◆ Problem to solve: Transcribe exactly the line with "Nissan Qashqai: Cockpit" and each line that follows it in the listing, down to the last, omitting all pictures.

◆ Material for the task:
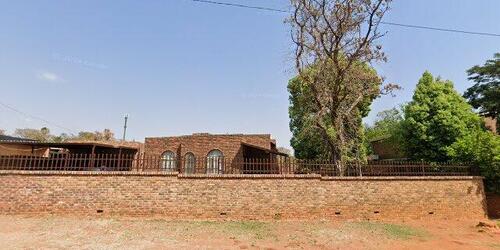 5 Bedroom Property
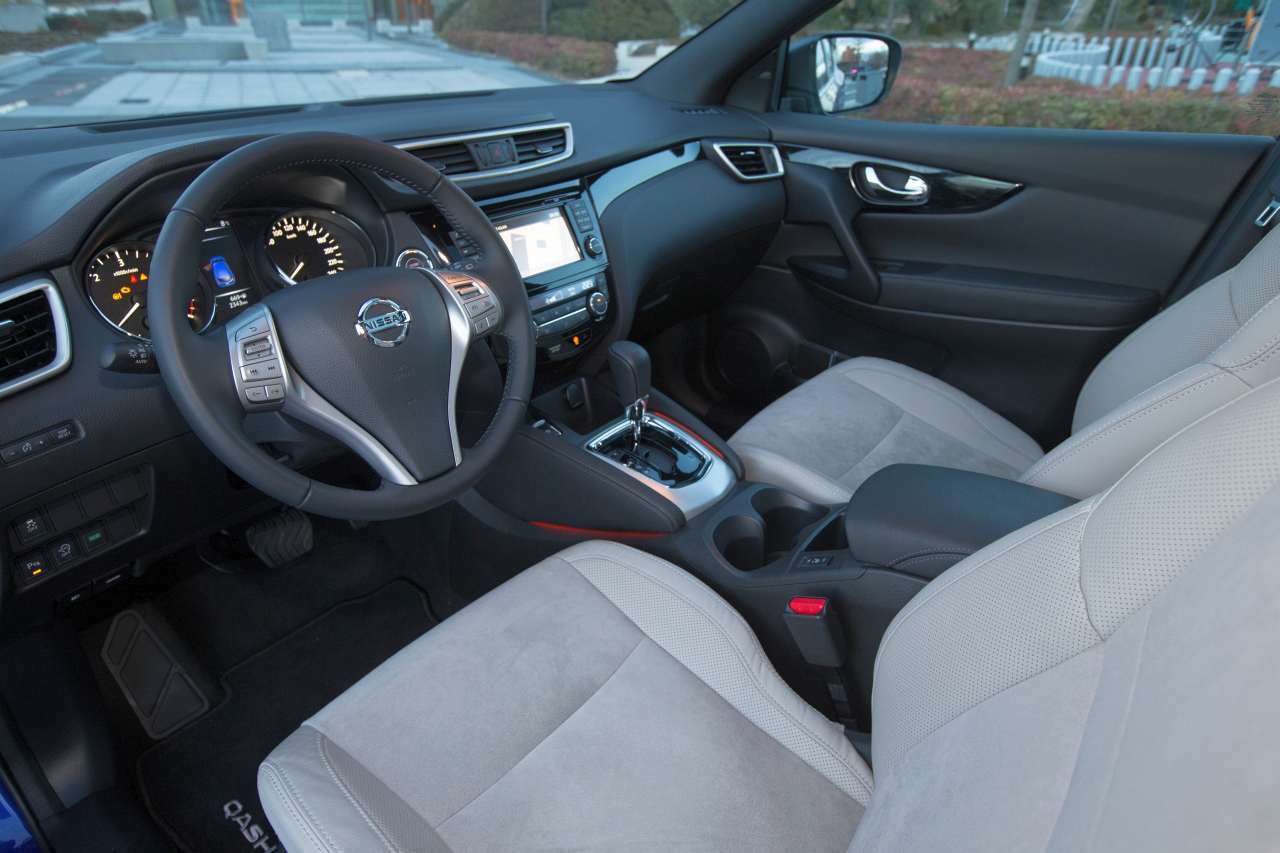 Nissan Qashqai: Cockpit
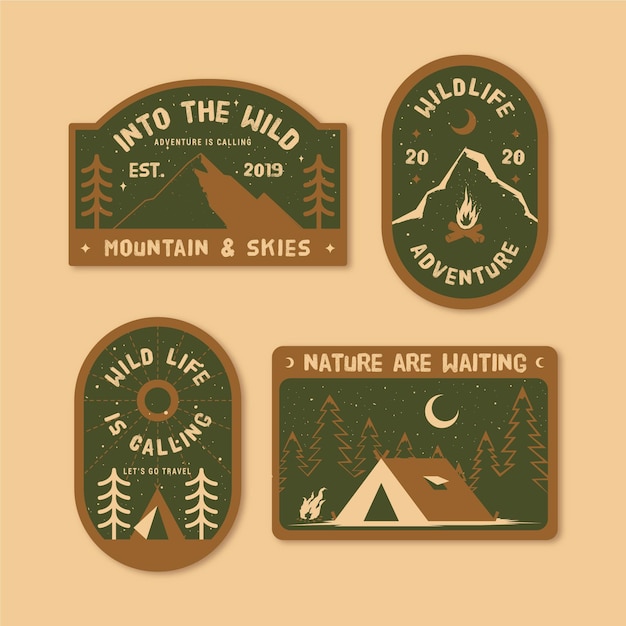 Vector set vintage kampeer- en avonturenbadges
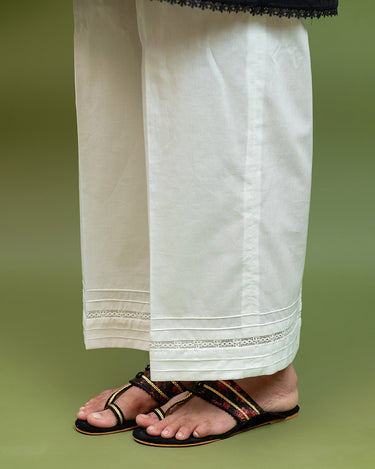 White Pants - W3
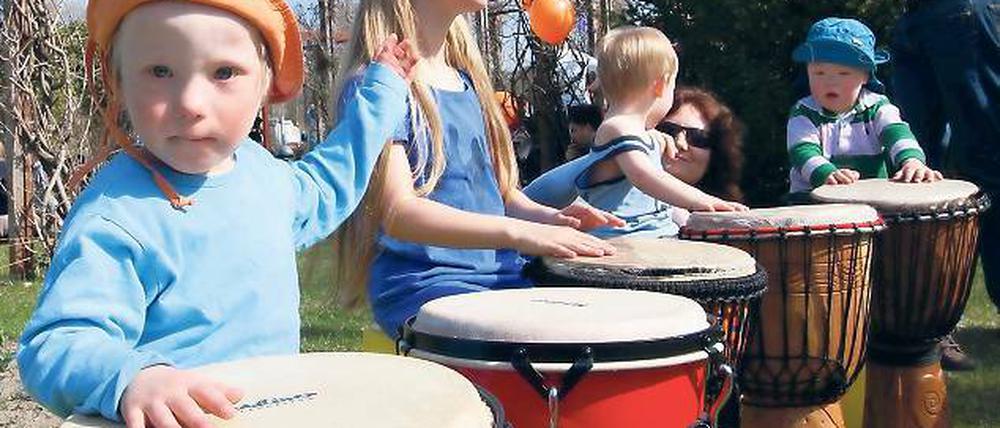 Mit oder ohne Down-Syndrom. Die Kinder hatten im Volkspark Spaß: Daniel als Trommler, Florian mit dem Diabolo sowie Niklas und Birk beim Tellerdrehen.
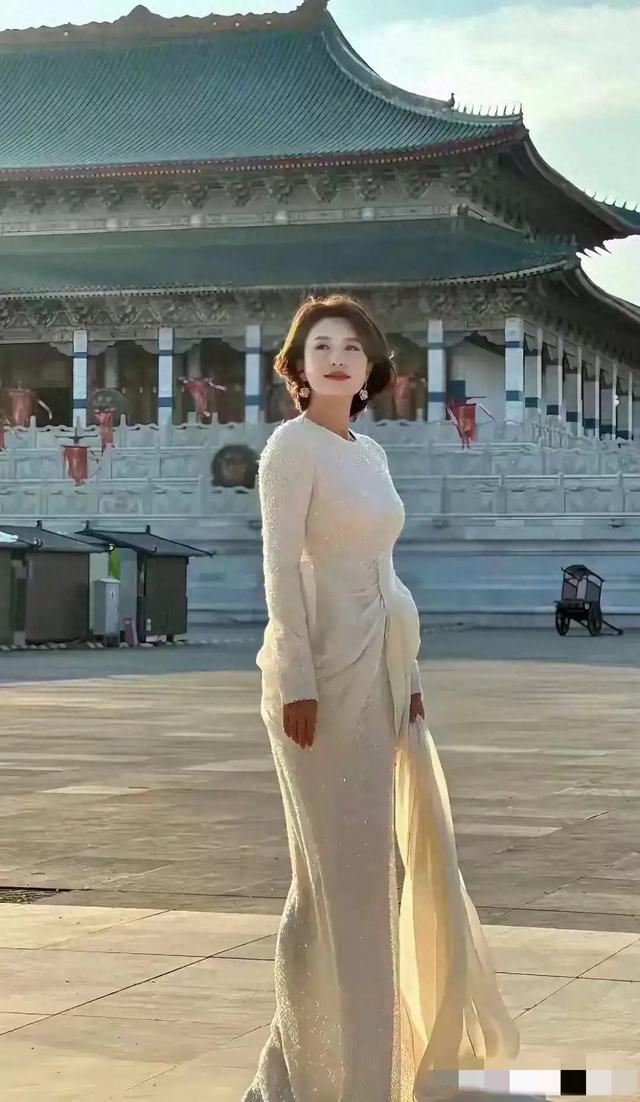 央视最美主持人张蕾都胖了，胸都跟着水涨船高，变大了不少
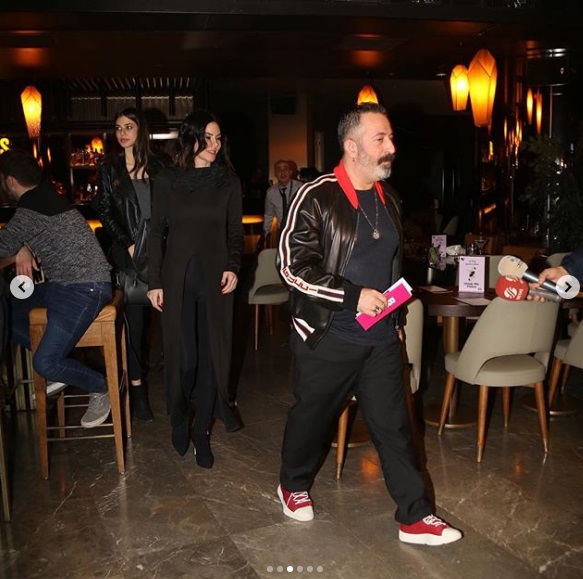 Cem Yılmaz, Alice Müzikali'ni izledi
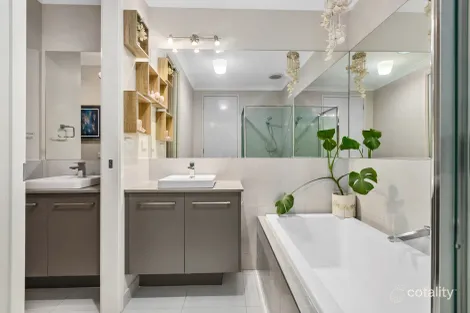 Property photo of 18 Tributary Way Woodend VIC 3442
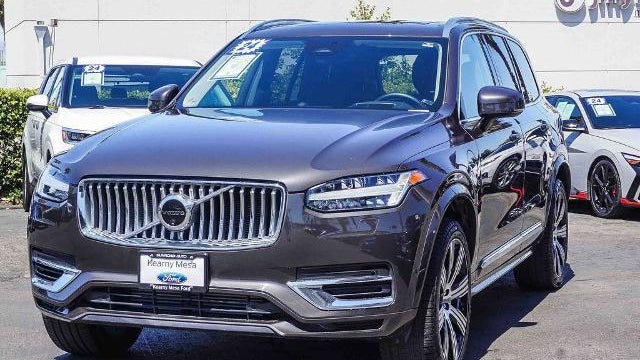 2024 Volvo XC90 Recharge T8 Ultimate Bright Theme 6P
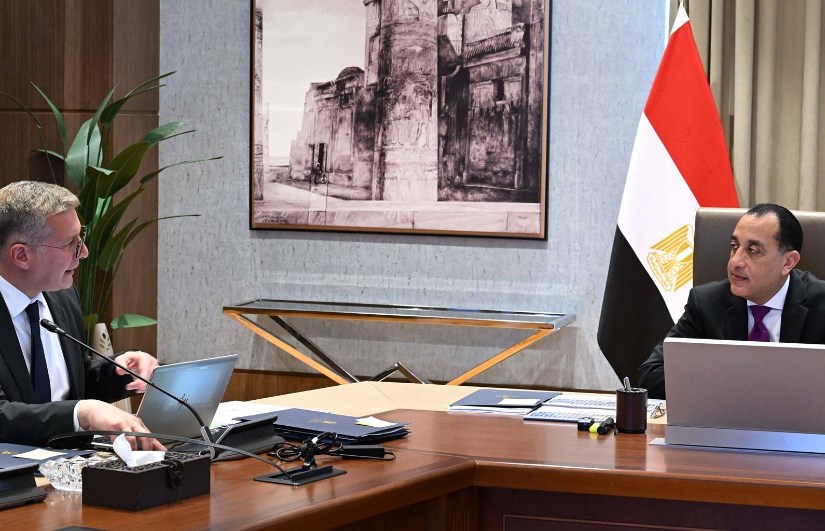 اجتماع رئيس الوزراء مع وزير البترول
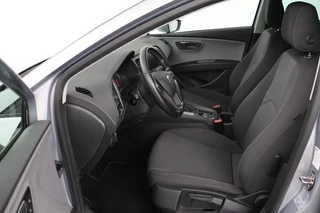 SEAT Leon SEAT Leon 1.0 TSI Style | Full LED | Carplay | Keyless |  Navigatie | Parkeerhulp | Climate control | Cruise control | Getint glas - afbeelding nr 4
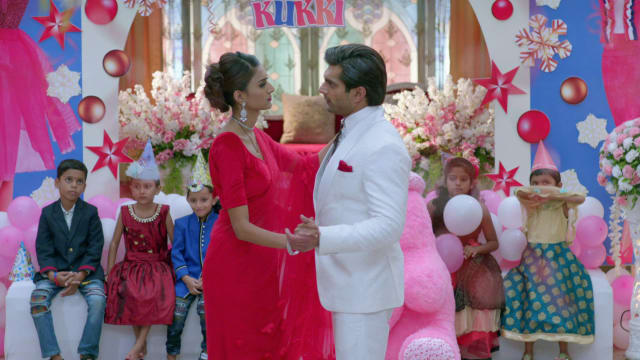 Image result for mr bajaj and prerna dance maha episode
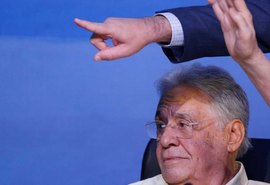 Grupo de advogados decide procurar FHC por apoio a Haddad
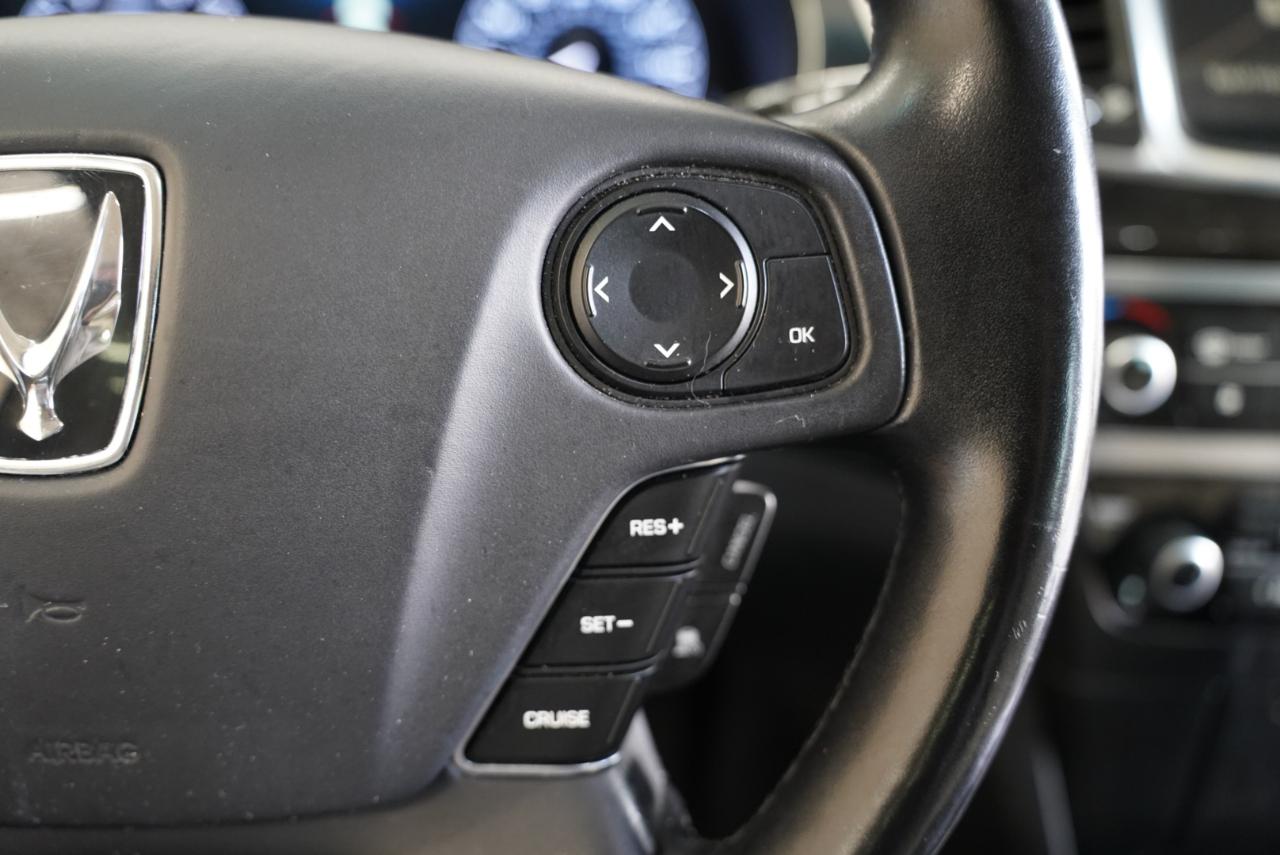 Hyundai Equus 4dr Sdn Signature 2016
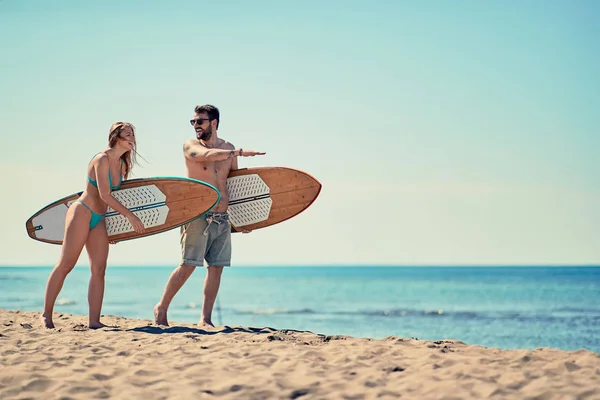 Atractiva Pareja Aire Libre Jóvenes Surfistas Playa — Foto de Stock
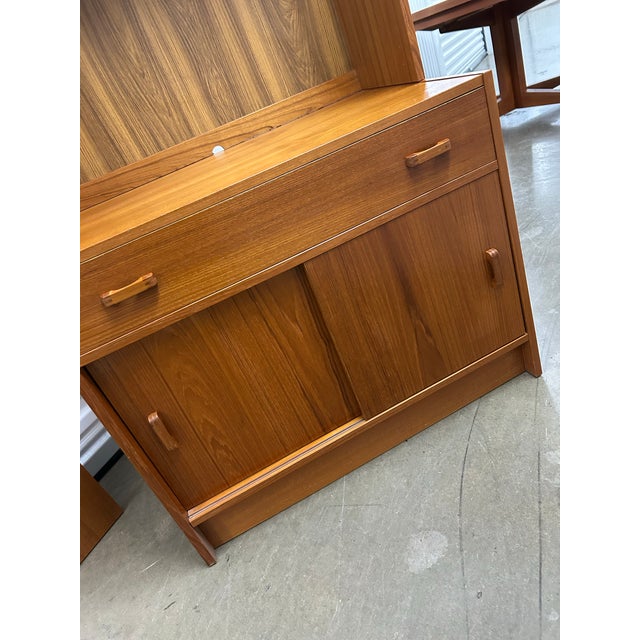 1960s Beautiful Danish Modern Teak Display Cabinet For Sale In Dallas - Image 6 of 9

◆ Response below:
 Nissan Qashqai: Cockpit
 Vector set vintage kampeer- en avonturenbadges
 White Pants - W3
 Mit oder ohne Down-Syndrom. Die Kinder hatten im Volkspark Spaß: Daniel als Trommler, Florian mit dem Diabolo sowie Niklas und Birk beim Tellerdrehen.
 央视最美主持人张蕾都胖了，胸都跟着水涨船高，变大了不少
 Cem Yılmaz, Alice Müzikali'ni izledi
 Property photo of 18 Tributary Way Woodend VIC 3442
 2024 Volvo XC90 Recharge T8 Ultimate Bright Theme 6P
 اجتماع رئيس الوزراء مع وزير البترول
 SEAT Leon SEAT Leon 1.0 TSI Style | Full LED | Carplay | Keyless |  Navigatie | Parkeerhulp | Climate control | Cruise control | Getint glas - afbeelding nr 4
 Image result for mr bajaj and prerna dance maha episode
 Grupo de advogados decide procurar FHC por apoio a Haddad
 Hyundai Equus 4dr Sdn Signature 2016
 Atractiva Pareja Aire Libre Jóvenes Surfistas Playa — Foto de Stock
 1960s Beautiful Danish Modern Teak Display Cabinet For Sale In Dallas - Image 6 of 9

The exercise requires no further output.